_PROBLEM REQUIREMENTS_
From the entries underneath, give the number of lines holding the word "Smart", without any other words.

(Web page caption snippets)
++++++++
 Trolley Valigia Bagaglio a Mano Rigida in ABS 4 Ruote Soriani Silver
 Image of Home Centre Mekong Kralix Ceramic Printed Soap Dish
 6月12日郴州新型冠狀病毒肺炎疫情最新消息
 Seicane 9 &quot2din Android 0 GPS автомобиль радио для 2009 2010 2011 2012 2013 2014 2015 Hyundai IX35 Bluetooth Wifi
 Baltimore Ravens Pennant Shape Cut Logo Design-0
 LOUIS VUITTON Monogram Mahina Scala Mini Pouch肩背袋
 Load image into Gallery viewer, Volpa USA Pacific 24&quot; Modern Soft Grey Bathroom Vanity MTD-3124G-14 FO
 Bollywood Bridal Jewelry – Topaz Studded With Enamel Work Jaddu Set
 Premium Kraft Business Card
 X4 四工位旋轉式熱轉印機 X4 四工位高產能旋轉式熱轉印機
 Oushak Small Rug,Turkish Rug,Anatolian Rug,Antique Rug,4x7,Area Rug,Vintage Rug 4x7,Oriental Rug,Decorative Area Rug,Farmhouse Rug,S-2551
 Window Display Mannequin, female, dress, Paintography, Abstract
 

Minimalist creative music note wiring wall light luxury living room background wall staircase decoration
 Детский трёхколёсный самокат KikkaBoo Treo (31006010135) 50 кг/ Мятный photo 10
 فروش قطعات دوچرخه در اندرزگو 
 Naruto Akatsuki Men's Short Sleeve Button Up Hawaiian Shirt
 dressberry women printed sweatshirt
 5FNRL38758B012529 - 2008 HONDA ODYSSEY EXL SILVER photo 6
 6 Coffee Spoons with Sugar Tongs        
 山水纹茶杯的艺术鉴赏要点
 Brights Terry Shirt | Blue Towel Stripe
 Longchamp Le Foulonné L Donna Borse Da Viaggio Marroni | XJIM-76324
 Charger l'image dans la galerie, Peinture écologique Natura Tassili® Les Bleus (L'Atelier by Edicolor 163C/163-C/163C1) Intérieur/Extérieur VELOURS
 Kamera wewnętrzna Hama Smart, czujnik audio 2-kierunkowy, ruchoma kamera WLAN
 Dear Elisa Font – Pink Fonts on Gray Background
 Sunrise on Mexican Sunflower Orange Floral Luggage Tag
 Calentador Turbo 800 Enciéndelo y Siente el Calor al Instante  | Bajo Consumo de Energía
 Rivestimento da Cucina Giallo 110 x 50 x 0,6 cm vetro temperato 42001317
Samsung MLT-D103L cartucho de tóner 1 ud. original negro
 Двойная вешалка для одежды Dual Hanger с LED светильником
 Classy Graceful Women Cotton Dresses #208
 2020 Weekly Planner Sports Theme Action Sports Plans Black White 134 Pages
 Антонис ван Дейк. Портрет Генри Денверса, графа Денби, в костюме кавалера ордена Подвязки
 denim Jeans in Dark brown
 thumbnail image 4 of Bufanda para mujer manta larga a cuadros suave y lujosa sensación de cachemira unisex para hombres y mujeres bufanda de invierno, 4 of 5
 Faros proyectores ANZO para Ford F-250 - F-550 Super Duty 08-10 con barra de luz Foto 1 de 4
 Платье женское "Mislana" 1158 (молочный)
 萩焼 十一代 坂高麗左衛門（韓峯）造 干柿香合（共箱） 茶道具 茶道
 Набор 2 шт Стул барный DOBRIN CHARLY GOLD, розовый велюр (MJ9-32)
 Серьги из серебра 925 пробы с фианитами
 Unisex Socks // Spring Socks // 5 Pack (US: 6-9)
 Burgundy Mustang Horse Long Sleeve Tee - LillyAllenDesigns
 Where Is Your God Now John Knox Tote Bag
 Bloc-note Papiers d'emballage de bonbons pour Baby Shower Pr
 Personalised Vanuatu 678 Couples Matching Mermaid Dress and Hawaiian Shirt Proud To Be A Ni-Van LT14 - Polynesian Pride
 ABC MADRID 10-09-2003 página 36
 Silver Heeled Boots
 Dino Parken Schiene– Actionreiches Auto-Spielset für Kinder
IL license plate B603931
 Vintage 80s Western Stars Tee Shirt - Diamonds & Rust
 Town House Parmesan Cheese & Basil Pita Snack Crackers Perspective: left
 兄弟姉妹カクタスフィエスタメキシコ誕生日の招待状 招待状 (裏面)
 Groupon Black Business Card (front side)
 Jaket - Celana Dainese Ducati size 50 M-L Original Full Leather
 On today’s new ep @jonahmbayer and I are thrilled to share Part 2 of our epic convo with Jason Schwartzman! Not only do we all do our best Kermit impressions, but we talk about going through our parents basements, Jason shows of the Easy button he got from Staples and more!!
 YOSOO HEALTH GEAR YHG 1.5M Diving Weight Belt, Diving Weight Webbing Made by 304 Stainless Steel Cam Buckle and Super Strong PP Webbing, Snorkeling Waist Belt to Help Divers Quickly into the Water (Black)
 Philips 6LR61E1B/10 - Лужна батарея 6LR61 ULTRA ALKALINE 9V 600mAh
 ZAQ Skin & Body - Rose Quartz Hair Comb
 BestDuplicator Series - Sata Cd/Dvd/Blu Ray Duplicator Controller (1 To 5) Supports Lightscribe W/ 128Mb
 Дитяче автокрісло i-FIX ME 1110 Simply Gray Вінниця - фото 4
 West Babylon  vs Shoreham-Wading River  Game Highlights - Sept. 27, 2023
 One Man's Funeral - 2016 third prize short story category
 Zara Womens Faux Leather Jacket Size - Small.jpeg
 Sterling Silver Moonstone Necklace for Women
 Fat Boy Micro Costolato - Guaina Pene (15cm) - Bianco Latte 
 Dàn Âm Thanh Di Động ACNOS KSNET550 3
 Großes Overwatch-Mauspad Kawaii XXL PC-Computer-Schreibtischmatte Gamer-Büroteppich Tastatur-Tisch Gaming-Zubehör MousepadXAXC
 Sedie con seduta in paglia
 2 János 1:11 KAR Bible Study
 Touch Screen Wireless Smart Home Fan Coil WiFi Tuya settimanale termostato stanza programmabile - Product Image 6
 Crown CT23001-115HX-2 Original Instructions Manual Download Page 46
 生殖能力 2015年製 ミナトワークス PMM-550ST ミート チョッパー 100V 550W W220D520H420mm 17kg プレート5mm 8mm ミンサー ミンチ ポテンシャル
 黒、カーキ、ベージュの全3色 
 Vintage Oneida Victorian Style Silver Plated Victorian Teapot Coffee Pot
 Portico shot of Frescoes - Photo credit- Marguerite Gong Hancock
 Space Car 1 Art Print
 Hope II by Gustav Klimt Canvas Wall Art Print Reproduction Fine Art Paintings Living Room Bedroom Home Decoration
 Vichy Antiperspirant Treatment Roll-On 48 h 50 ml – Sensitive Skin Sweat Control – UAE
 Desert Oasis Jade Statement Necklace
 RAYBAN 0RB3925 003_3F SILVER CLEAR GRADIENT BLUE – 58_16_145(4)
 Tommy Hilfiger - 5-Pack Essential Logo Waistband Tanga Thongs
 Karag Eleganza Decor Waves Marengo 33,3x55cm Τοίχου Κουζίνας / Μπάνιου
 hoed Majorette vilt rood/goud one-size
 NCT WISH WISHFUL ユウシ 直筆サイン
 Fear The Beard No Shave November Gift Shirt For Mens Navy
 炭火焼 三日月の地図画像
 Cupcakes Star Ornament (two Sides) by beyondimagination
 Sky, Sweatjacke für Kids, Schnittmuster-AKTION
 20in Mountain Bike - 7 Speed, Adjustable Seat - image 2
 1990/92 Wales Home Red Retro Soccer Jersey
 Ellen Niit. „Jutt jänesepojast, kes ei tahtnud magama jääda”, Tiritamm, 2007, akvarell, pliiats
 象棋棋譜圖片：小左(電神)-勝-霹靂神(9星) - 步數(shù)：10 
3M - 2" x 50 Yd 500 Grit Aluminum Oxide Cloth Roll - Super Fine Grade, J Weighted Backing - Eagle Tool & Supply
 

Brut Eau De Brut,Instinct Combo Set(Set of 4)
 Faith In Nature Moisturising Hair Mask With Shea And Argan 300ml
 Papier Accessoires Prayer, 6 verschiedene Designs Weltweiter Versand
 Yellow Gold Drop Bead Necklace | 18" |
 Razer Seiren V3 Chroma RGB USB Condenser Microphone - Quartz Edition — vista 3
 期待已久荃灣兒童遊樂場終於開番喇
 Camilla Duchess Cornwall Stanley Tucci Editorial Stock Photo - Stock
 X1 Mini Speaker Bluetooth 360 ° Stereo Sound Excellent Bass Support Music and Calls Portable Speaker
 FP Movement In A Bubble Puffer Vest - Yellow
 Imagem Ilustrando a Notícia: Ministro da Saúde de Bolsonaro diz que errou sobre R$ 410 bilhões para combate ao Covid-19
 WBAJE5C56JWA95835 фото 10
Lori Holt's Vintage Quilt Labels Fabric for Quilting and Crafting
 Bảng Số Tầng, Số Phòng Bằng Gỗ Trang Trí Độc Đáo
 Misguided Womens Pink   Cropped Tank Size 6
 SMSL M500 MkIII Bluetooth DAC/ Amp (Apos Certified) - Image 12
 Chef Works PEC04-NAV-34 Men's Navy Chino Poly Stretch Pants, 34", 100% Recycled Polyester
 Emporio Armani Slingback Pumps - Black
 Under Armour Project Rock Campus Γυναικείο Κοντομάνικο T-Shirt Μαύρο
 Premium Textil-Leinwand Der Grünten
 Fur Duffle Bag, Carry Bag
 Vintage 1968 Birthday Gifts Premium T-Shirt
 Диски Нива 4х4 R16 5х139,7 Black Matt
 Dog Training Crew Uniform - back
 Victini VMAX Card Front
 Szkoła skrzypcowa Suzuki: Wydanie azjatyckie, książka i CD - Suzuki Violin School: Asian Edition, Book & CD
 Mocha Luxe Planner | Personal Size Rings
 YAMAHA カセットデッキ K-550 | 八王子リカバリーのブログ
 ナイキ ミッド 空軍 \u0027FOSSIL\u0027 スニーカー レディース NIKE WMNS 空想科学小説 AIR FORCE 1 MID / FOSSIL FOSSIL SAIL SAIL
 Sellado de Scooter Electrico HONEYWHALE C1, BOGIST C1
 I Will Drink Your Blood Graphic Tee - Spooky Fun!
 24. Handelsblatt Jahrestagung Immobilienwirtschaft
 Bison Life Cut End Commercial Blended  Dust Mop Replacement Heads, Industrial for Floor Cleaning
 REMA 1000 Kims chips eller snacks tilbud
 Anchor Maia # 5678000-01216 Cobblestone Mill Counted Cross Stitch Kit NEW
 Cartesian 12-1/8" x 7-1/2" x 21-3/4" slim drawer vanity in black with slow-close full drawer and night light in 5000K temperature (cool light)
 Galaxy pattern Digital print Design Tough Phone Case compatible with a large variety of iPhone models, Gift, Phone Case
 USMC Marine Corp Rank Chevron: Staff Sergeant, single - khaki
++++++++
_EXERCISE OUTPUT_
2